You are an up-and-coming young DJ, ready to take over the scene by persuading the crowd of your mad skills; one festival at a time. Hopefully, as you progress, each one being bigger and better. You’re climbing up the career ladder, starting as an opening act in the early morning all the way to headliner on the mainstage. It’s up to you to lay down some sick beats by mixing up elements from well-known hits and make the crowd go wild. 

Graphics

If you are a frequent music festival goer, you will definitely recognize the lively ambiance and flashy colors you are used to. The game perfectly portrays the vibe as if you’re actually there. FUSER can give you that little bit of socially-distancing comfort of being at a festival safely.

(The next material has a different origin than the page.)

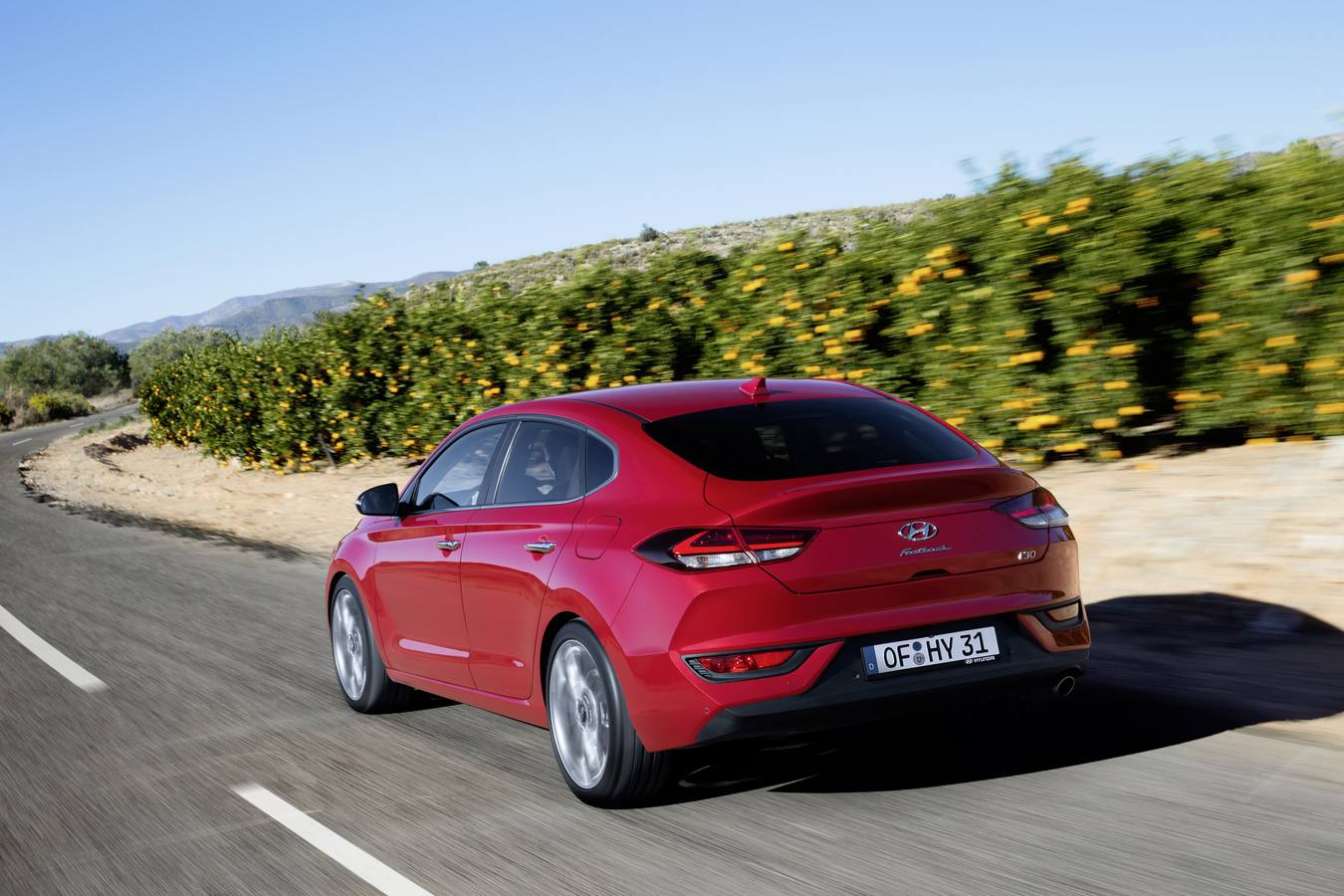 Hyundai añade a la gama i30 la versión Fastback, una versión más larga que se caracteriza por el nuevo diseño de la parte posterior. Se vende con la posibilidad de dos motores de gasolina, a partir de 16.165 euros.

The motion designs and the character design, however, can use a bit of work. The textures can get somewhat patchy and the overall motions can feel unnatural at times. The gravity effect is too heavily put on, making the hair and clothing wave too freely, making it glitch through other elements of the character; e.g. hand through shirt, hair through headphones, etc. This stands out the most in character customization (which is somewhat limited in terms of items and clothing).

Sound

For a music-based game, the sound must be astounding. We can safely say that FUSER delivers quite nicely in that aspect. As a renowned DJ, you’ll be mashing up top hits from different genres from different eras together, creating a killer mix, pleasing the crowd, and setting the roof on fire. Most of the songs in the game you will definitely know. In FUSER, you’ll probably find yourself turning tables with old classics such as Salt-N-Peppa’s Push It or Madonna’s Material Girl, and brand-new hit singles such as Dua Lipa’s Don’t Start Now and Lizzo’s Good As Hell. It sounds odd to be combining Hard Rock with Dance or Pop, but with FUSER, it just seems to mesh perfectly.

Gameplay

Like its predecessors, Rock Band and Dance Central, FUSER is a casual music/rhythm-based simulation game where you pretend to be an aspiring DJ, and this experience is developed by Harmonix Music Systems and published by NCSOFT. You will have to hype up the audience at a digital music festival with your bomb tracks, that you, yourself, mash up by choosing specific elements from songs from your crate.

The game has multiple game modes such as the campaign, (co-op) freestyle, and battle. The story of the campaign is pretty slow and at times boring but great for figuring out on how the game works. The campaign builds up the difficulty, getting more challenging the further you go, by giving you commands and quests you have to complete. The more stars you can achieve, the better your DJ status will be. Grinding through the story will help you unlock more content such as songs and character customizations. It’s a slow grind but the rewards do make the game more exciting.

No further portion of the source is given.